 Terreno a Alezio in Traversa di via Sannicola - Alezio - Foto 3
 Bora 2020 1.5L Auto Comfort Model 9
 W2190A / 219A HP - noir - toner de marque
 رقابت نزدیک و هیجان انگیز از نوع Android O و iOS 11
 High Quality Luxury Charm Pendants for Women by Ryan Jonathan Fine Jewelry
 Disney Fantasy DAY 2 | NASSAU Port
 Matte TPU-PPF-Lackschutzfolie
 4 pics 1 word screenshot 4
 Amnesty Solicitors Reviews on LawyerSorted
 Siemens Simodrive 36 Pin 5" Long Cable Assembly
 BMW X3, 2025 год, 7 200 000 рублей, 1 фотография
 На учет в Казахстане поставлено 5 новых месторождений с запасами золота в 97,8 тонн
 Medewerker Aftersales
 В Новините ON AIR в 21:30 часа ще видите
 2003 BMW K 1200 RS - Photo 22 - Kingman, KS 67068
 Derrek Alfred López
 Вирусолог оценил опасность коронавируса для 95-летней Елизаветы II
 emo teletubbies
....................
• **Work instruction**
Copy exactly the lines running from the one that contains "Вирусолог оценил опасность" to the end of the material, both ends included.

• **Output for this exercise**
 Вирусолог оценил опасность коронавируса для 95-летней Елизаветы II
 emo teletubbies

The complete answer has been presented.